Averages Mostly Suck at Almost Everything

..unless you’re dealing with baseball. When dealing with systems, many of us think “Average” is a measure of “Typical” or “Normal“. Many systems people will also use averages to look for “Abnormal“. However, average (or mean) doesn’t represent either “normal” or “abnormal” very well..

Looking for “Normal”

Engineering and the business unit might like to compare a newly installed upgrade to the previous version. Or, perhaps they’d like to look at long term trends. Should they use averages? They often do..

Using a simple hypothetical example; let’s say a database query takes ten seconds for four executions, and a minute for the fifth execution (not unheard of). The average would be 20 seconds, but “typical” would be better represented by the median, or 50th percentile; 10 seconds.

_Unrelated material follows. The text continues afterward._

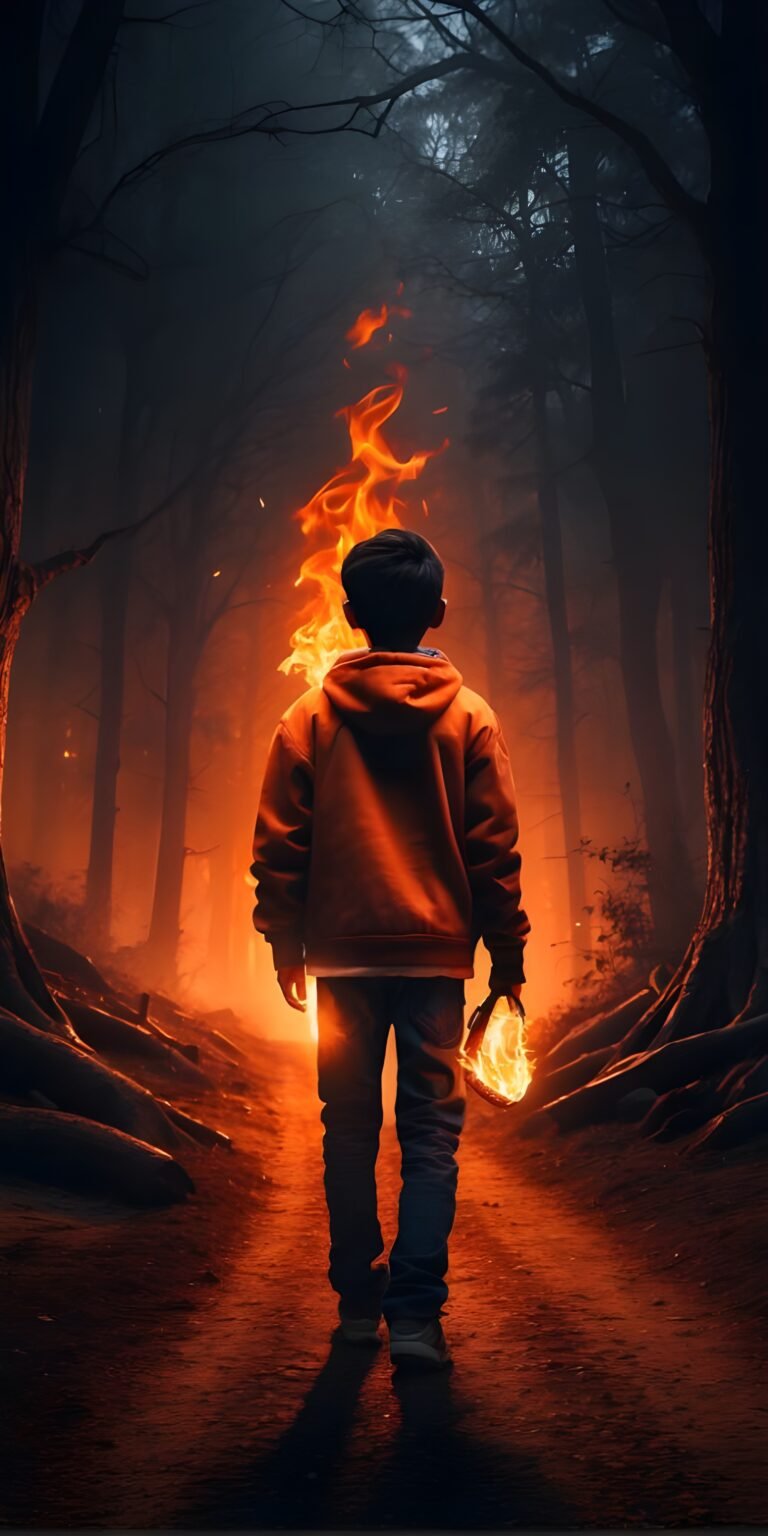 Gaming Wallpaper for Phone, Boy with Fire Ball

Long term trends are also better represented by medians, as they are not influenced by outliers as much as averages are. When looking at trends, you are not interested in outliers as much.

Lastly, when discussing typical with clients, medians are generally a more attractive number to use; lower. Again, this is because averages are influenced by outliers more and search performance is “unbounded”. With medians, you can say half the queries are less than the median. (If the customer is a “glass half empty person”, they’ll of course respond that half of them are more than the median.)

Looking for “Abnormal”

Averages also tend to “smooth out” the abnormal, hiding the very thing that you may be looking for when looking for “abnormal”. Yet I see people using it as the most common form of aggregating data.

Why Do We Use It?

It’s cheap and easy and we often need to aggregate lots of data into bins. Sum the latencies, divide by the count. Nothing could be simpler. Unfortunately, whether you’re looking for “normal” or “abnormal”, it’s usually not the best way to characterize the data.

Percentiles used to be harder to calculate; systems were slower and languages/libraries more primitive. There’s no excuse today really. If you’re looking for “normal”, use medians. If you’re looking for “abnormal”, use other percentiles, like 90% or 95% to find those elusive datapoints and fix those outliers! Previous articles on “Event Pair Difference Graphs” or “Event Pair Latency Dotplots” may also help in finding and diagnosing those issues.

In my opinion, average/mean is at best a mediocre measure of anything. Except in baseball. Maybe.

Characterizing system performance by any single number is usually not a great idea anyway and, I’ll have more on this subject in a series of articles being prepared; (Ab)use of the “R” Language.